● **Task prompt**: For this exercise, copy the data exactly and omit any images.

● **Data**:
··········
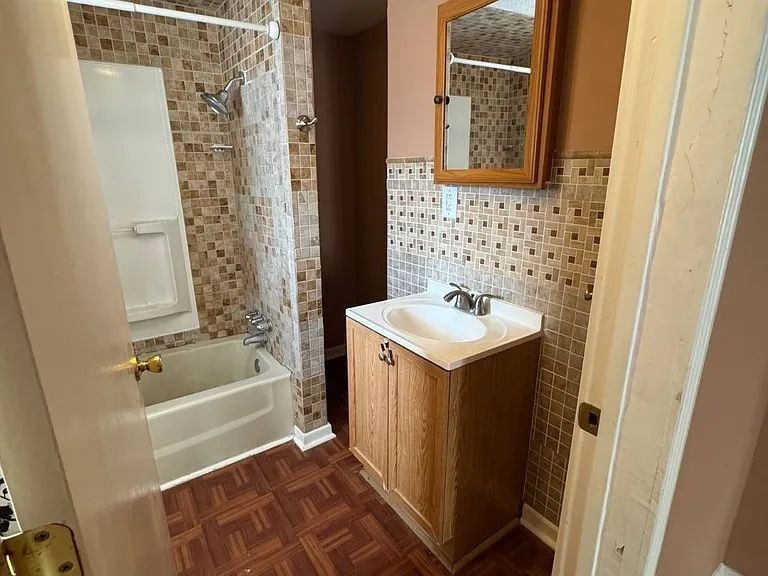 Floor1 208 1/2 E Cherry St - Photo 7 of 11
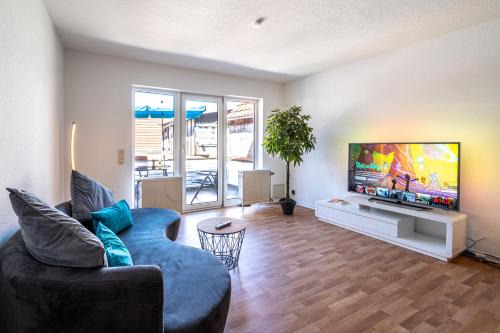 Friedberg Apartment | Stylish 2-Bedroom Retreat with Balcony & Ocean View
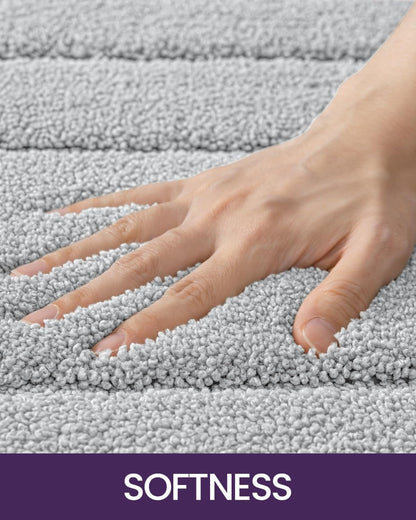 DEXI Bathroom Rug 32x20, Non Slip Washable Bath Mat for Shower Floor, Absorbent Soft Bathmat with Rubber Backing, Quick Dry Microfiber Carpet, Light Grey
··········
● **Exercise solution**:
 Floor1 208 1/2 E Cherry St - Photo 7 of 11
 Friedberg Apartment | Stylish 2-Bedroom Retreat with Balcony & Ocean View
 DEXI Bathroom Rug 32x20, Non Slip Washable Bath Mat for Shower Floor, Absorbent Soft Bathmat with Rubber Backing, Quick Dry Microfiber Carpet, Light Grey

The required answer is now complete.